For me it's when the head and the heart have been inspired despite an enthusiastic teacher or love for a particular topic but a genuine interest in the task at hand...Good stuff.
Today was the first of a three day workshop, Understanding by Design, that our District is providing during the off time of our summer months. I walked to the top floor and into our Staff Development room with my laptop over my shoulder and received Jay McTighe and Grant Wiggins Professional Development Workbook and a neatly organized three ring binder to boot. I was joined at my table by our new principal and fellow fifth grade teacher for the day and was honored to have the opportunity to work with both.
UbD (which is just a lot easier to type) is a unit model that uses content as a vehicle for higher order thinking, and according to Jay McTighe, "UbD is a way of thinking, not a program."
Basically, there is a three stage planning process that really is backward to much of my planning in the past.
Stage 1: Identify the Desired Results Stage 2: Determine Acceptable Evidence Stage 3: Create a Learning Plan
Today's main focus was Stage 1, Identify Desired Results, and the workshop was setup in such a way to scaffold our thinking through these first few steps.
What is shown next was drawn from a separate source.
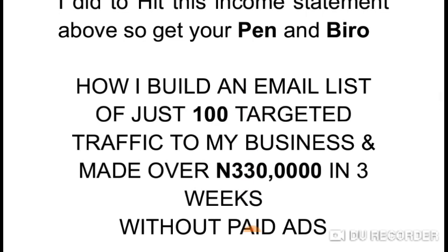I built an email list of just 100 targeted subscribers and made over 330,000 naira in three weeks, and I did all this without paid ads. Paid ads are when you run Facebook ads or Google AdWords to drive traffic to your offer. Traffic is simply people visiting your offer to buy what you are offering.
Our group quickly chose Government as our topic and began our brainstorming session on what the Factual Knowledge and Discrete Skills were at a fifth grade level.
UbD's main premise seems to be enabling students to go deep deep in their thinking by the teachers developing Essential Questions and Understandings that guide the lessons of the content that can then be transferred among other disciplines. Examples of Essential Questions could be:
Why is it important to have rights?
How is an individual responsible to himself or herself and others?
Examples of Understanding could be:
Citizens have rights and responsibilities in a Democracy
Democracy provides for the opportunity to have have different perspectives
Democracy functions as an effective system when there is order
What I find fascinating with Essential Questions and Understanding like this is that they can be applied in so many settings and are simply not limited to the study of government. They can be applied to a classroom community, personal citizenship, any club or organization, church, or even on sports teams.
What led our group to identify these essential questions and understandings about our topic of government was a set of very specific questions that I have listed below.
Why study government? So what?
What makes the study of government universal?
If the unit on government is a story, what's the moral of the story?
What's the Big Idea implied in the skill or process of government?
What larger concepts, issue, or problem underlies government?
What couldn't we do if we didn't understand government?
How is government used and applied in the larger world?
What is a real-world insight about government?
What is the value of studying government?
Take a moment and look at the questions above as a way for you to gauge the lessons you are already teaching. Wherever you see the word government insert the particular concept you are teaching. These questions bring to light what it is we really want the children to be able to walk away with after a lesson or unit of study.
It's the meat and potatoes of the learning that touches the head and the heart.